Return, in their exact form, the lines that lie between the start of the data below and the line containing "Capsules – Hallusa Natural", with both ends included.

Start of Data for analysis

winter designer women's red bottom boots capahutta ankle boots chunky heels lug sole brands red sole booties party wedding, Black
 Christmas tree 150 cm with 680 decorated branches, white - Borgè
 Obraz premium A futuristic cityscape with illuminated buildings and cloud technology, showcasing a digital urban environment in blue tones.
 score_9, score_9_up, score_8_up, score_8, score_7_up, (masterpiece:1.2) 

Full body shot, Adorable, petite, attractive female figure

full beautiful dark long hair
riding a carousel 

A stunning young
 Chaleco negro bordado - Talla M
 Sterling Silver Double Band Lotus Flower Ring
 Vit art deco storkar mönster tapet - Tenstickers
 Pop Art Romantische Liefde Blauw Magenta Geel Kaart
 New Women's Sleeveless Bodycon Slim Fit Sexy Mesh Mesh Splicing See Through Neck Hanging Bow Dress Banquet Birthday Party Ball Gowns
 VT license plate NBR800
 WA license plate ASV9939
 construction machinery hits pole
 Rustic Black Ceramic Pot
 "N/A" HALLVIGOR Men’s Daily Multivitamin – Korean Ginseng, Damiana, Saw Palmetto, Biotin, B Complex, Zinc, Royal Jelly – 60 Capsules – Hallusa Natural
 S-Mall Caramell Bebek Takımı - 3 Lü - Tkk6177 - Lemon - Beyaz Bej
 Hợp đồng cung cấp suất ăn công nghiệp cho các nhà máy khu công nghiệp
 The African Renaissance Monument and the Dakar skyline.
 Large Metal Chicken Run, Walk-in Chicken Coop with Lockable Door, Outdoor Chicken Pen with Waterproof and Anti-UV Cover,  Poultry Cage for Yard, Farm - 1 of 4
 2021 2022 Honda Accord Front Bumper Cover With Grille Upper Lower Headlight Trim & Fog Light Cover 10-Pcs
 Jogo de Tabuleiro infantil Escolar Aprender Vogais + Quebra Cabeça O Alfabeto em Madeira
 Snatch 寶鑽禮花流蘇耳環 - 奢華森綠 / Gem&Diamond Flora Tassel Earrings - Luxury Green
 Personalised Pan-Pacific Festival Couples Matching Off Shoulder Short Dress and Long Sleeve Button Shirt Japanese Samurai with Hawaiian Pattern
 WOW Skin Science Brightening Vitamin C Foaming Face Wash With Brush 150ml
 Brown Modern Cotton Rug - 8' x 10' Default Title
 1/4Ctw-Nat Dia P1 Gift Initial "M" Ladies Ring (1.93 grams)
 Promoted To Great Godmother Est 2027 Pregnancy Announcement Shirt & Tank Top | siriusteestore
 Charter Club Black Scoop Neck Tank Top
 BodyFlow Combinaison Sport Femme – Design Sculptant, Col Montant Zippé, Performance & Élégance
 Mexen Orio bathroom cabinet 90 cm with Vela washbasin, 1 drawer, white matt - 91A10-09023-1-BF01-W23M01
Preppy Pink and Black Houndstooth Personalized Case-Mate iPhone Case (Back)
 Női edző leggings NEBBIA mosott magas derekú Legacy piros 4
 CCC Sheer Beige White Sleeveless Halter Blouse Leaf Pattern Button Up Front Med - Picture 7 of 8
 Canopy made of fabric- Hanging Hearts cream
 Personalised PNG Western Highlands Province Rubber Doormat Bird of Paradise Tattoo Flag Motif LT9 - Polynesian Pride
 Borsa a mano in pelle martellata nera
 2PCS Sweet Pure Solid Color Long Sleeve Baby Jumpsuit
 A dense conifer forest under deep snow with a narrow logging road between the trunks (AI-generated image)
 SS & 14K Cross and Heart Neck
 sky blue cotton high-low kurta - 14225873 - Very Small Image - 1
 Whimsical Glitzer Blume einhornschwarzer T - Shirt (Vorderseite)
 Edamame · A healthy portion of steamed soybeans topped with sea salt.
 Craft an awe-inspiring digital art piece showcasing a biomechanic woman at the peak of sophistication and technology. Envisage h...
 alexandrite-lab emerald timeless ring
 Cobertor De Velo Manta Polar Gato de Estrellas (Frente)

End of Data for analysis

> Your solution
winter designer women's red bottom boots capahutta ankle boots chunky heels lug sole brands red sole booties party wedding, Black
 Christmas tree 150 cm with 680 decorated branches, white - Borgè
 Obraz premium A futuristic cityscape with illuminated buildings and cloud technology, showcasing a digital urban environment in blue tones.
 score_9, score_9_up, score_8_up, score_8, score_7_up, (masterpiece:1.2) 

Full body shot, Adorable, petite, attractive female figure

full beautiful dark long hair
riding a carousel 

A stunning young
 Chaleco negro bordado - Talla M
 Sterling Silver Double Band Lotus Flower Ring
 Vit art deco storkar mönster tapet - Tenstickers
 Pop Art Romantische Liefde Blauw Magenta Geel Kaart
 New Women's Sleeveless Bodycon Slim Fit Sexy Mesh Mesh Splicing See Through Neck Hanging Bow Dress Banquet Birthday Party Ball Gowns
 VT license plate NBR800
 WA license plate ASV9939
 construction machinery hits pole
 Rustic Black Ceramic Pot
 "N/A" HALLVIGOR Men’s Daily Multivitamin – Korean Ginseng, Damiana, Saw Palmetto, Biotin, B Complex, Zinc, Royal Jelly – 60 Capsules – Hallusa Natural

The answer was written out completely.